Five Dancing Positions

Dear Friends,

The second half of the Jane Austen Study DC hosted by JASNA-DC at the American University Library, as “curated” by Mary Mintz. In the morning we listened to excellent papers on some realities and perceptions of religious groups and servants in Austen’s day; the afternoon was taken up with the equivalent of photographs, miniatures, and drawn portraits, and how dance was so enjoyed and a source of female power in the era.

After lunch, Moriah Webster spoke to us about miniatures in the era; her paper’s title “Ivory and Canvas: Naval Miniatures in Portraiture [in the era] and then Austen’s Persuasion.” Moriah began by quoting Austen’s pen portraits in her letters on a visit she paid with Henry Austen to an exhibition in the Spring Gardens in London, where she glimpsed

“a small portrait of Mrs Bingley, excessively like her. I went in hopes of seeing one of her Sister, but there was no Mrs Darcy; — perhaps I may find her in the great exhibition, which we shall go to if we have time. I have no chance of her in the collection of Sir Joshua Reynolds’s paintings, which is now showing in Pall Mall, and which we are also to visit. Mrs. Bingley’s is exactly herself -— size, shaped face, features, and sweetness; there never was a greater likeness. She is dressed in a white gown with green ornaments, which convinces me of what I had always supposed, that green was a favourite color with her. I dare say Mrs. D. will be in yellow… Letter 85, May 24, 1813, to Cassandra, from Sloane Street, Monday)


Samantha Bond as the faithful Mrs Western, next to her Mr Elton, to the back Mr Knightley (Mark Strong) and Emma and Mr Woodhouse (Bernard Hepton), trying to lead a discussion of picture looking to favor Emma’s depiction of Harriet (1996 BBC Emma)

The detail and visual acuity reminded me of many other verbal portraits in Austen’s letters and novels, which I wrote about in my paper on “ekphrastic patterns in Austen,” where I went over the attitudes of mind seen in the way she explained her own and others picturing process, both analysing and imitating the picturesque seriously, and parodying it.
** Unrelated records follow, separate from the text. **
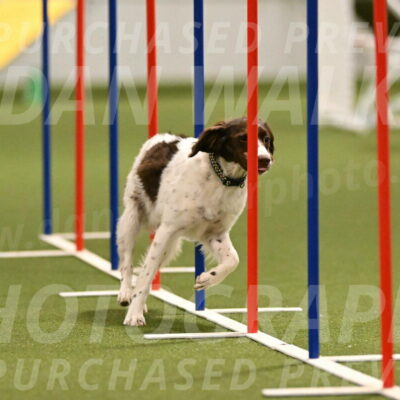 Karma-Sandy-and-Jeff-Crighton-03308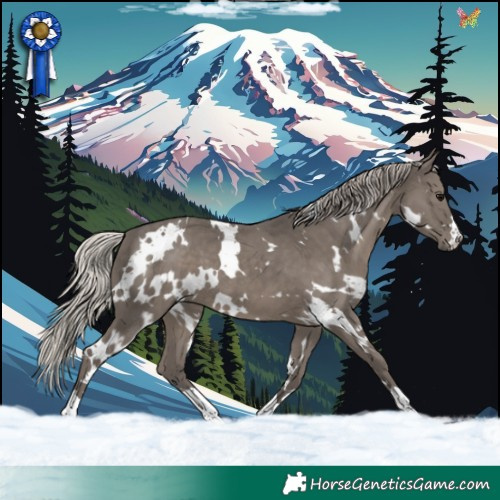 Horse Color:White Spotted Silver Black 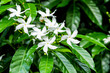 Close up of white Sampaguita Jasmine or Arabian Jasmine flower blossom in flower garden (Jasminum sambac (L.) Aiton; Oleaceae)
She asks how does the way we think about and describe, the language we use and forms we absorb enable and limit what we can see.
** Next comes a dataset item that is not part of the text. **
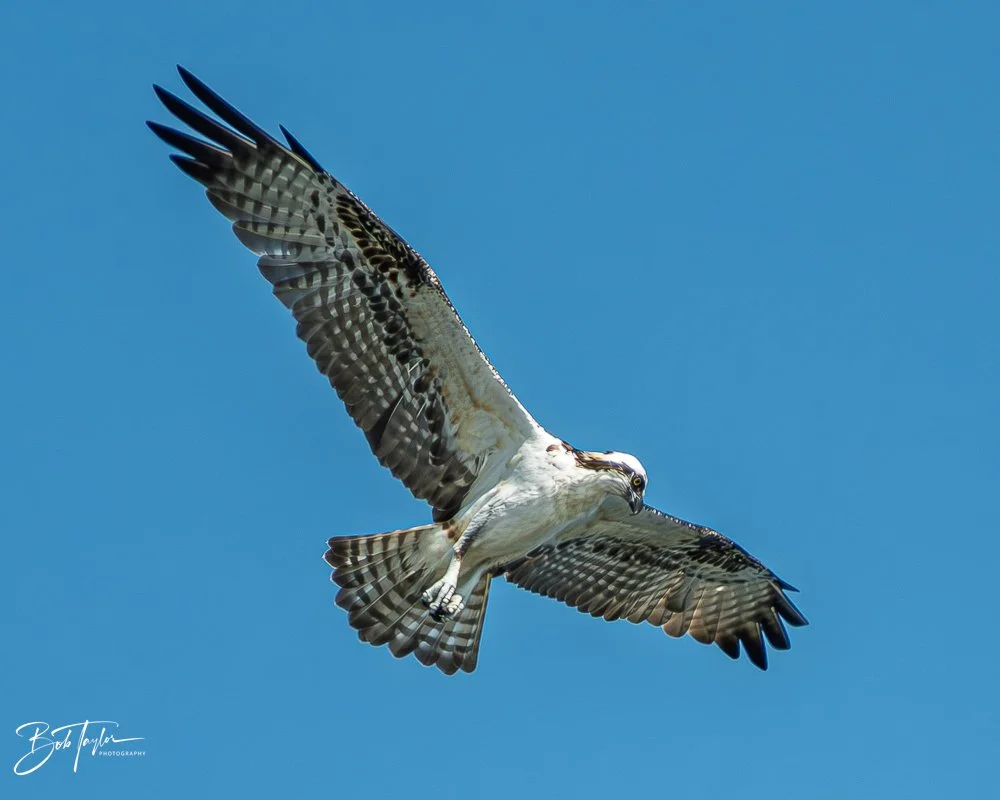 20251119-SASP Final -80.jpg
Moriah was not interested in the philosophical and linguistic issues (which were the subject of my paper)

“He talked of foregrounds, distances, and second distances — side-screens and perspectives — lights and shades; and Catherine was so hopeful a scholar that when they gained the top of Beechen Cliff, she voluntarily rejected the whole city of Bath as unworthy to make part of a landscape (Northanger Abbey, 1:14)


One of the many effective landscapes from Ang Lee and Emma Thompson’s Sense and Sensibility (director and screenplay-writer and Elinor n Miramax 1995 film)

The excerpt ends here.